In the six years between 2010 and 2016, the percentage of Americans living with disabilities rose to 12.8%: that is an astonishing number of people (around 41.6 million) that struggle with mobility on a daily basis, either relying on power chairs, wheelchairs that fold, or canes and walkers to get around.
One of the primary challenges these individuals face is transportation. Cars are expensive enough; finding one that can hold and secure a wheelchair forces that price into the clouds, and public transportation -- though many vehicles accommodate wheelchairs -- does not offer enough for everyone who suffers from limited mobility to benefit. However, that may be about to change: the industry's first (and only) medium-duty, fully accessible transit bus 'Spirit of Equess' has passed the Federal Transit Administration (FTA) Model Bus Testing Program at Altoona, Pennsylvania."We are proud of the hard work our team put into this project and are pleased with the score it received at Altoona," said Don Roberts, President at ARBOC Specialty Vehicles, LLC.

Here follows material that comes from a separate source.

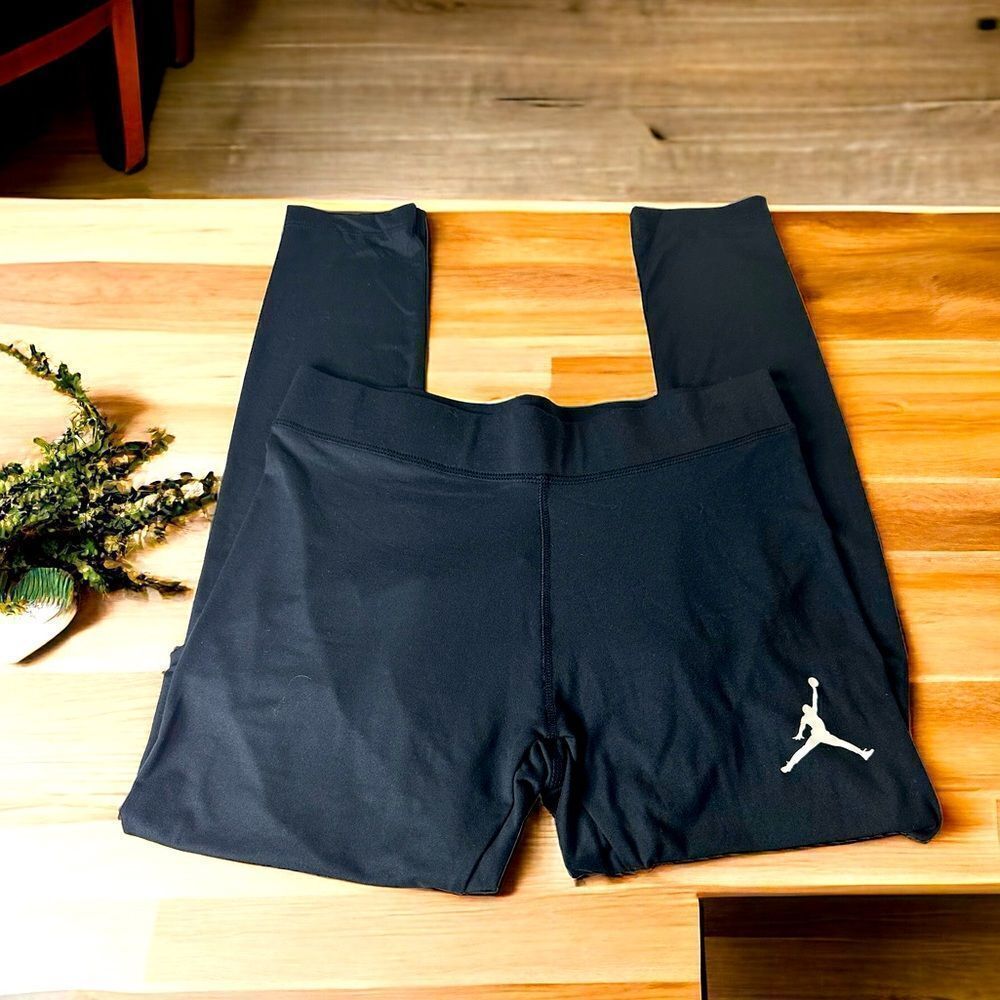 NWT Jordan Girl’s Leggings (XL)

The FTA Model Bus Testing Program (referred to as "Altoona Testing" based on the location of the main testing center) examines new transit buses on the following performance standards: safety, structural integrity and durability, reliability, performance (including brakes), maintainability, noise, fuel economy, and emissions. Failing just one of these categories makes the bus ineligible for purchase by the FTA and means that it will not see service until they are corrected.
The Spirit was set for a weight of 26,000 lbs to equal a real-life load of seated and standing passengers, and endured seven months of testing in a 10-year simulated, 350,000 mile service life; it passed with flying colors.
It offers the best of both worlds: many of the capabilities of a heavy-duty bus are included, yet it also retains all the benefits of a mid-level vehicle. But just what makes it fully-accessible? The Spirit boasts an air-suspension system that allows the bus to "kneel" 3.5 inches, creating a 1:8 ramp slope. This makes it easy for those with wheelchairs or power scooters to climb aboard, as wheelchair tires don't like steep inclines.
Hopefully, the Spirit of Equess will become a mainstream transportation option; if people of all abilities, mobility aids, and wheelchair tires could use the same bus with ease, living an active lifestyle would become a realistic and affordable possibility.